Here's a timeline of the evening:

5:45pm Drag kids to the dinner table to eat. Attempt to scarf down food and simultaneously plead with them to eat theirs.
5:50pm Escort Jake to the potty to poop and clean up the mess that was his bottom.
5:55pm Sit back down and realize I'm not so hungry anymore.
5:56 Realize Jake is missing
5:57pm See Jake reappear in room and realize his underwear is full of diarrhea. Apparently he had unfinished business from his initial trip the potty. Undergo a lengthy cleaning and disinfecting process.
6:10pm Throw my dinner in the trash. Soon after give up the boys eating as well.
6:15pm Enter family room where boys are and catch a whiff of poo. Check both boys and determine Jake needs to be cleaned again.
6:23pm Hear husband (can't imagine what might have woken him) demand where the unholy stench is coming from. Search for poo ensues. Jake is once again dragged off for a thorough cleaning.
6:30pm Realize the culprit is Ben, who has been sitting on the couch on his flattened wad of poo. Drag him off for cleaning.
6:45pm Declare bathtime is beginning. As preparing bath vaguely hear Jake muttering about peeing on himself a little bit.
7:30pm Tell boys goodnight.
7:32pm Hear Jake requesting another trip to the bathroom. Again. Off to the potty, where Jake proceeds to have massive diarrhea.
7:40pm Tell boys goodnight. Again.
7:42pm Clean up the kitchen, playroom, and family room. Go to the laundry room to dump off dirty dishtowels and walk into a huge puddle. That would be the "little bit of pee" Jake was referring to earlier. Get on hands and knees to clean and disinfect floor.
7:50pm Sit down in family room with computer.
7:51pm Receive phone call from poor husband down the hall. Do we have any 7up and saltines? Of course we don't, but I'll run down the gas station right now and get some.

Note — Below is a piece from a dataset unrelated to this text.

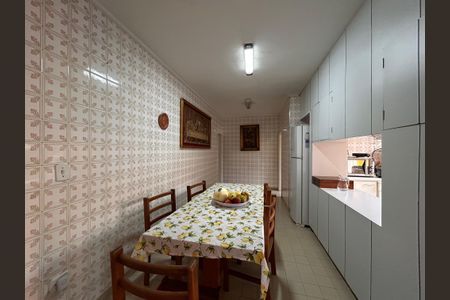 Casa à venda com 253m², 4 quartos e 5 vagas Casa à venda com 253m², 4 quartos e 5 vagasCopa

The above is a true story.

Recipe For Cheap Summer Fun

Take one unbearably hot afternoon

Add two whining bored children

Fill one large bucket with water

Dump in a ridiculous amount of dishsoap

Provide two pair of husband's old underwear

Grab a camera, stand back at a safe distance, and be prepared for the neighbors' reactions

Enjoy










I told you we were getting redneck living here.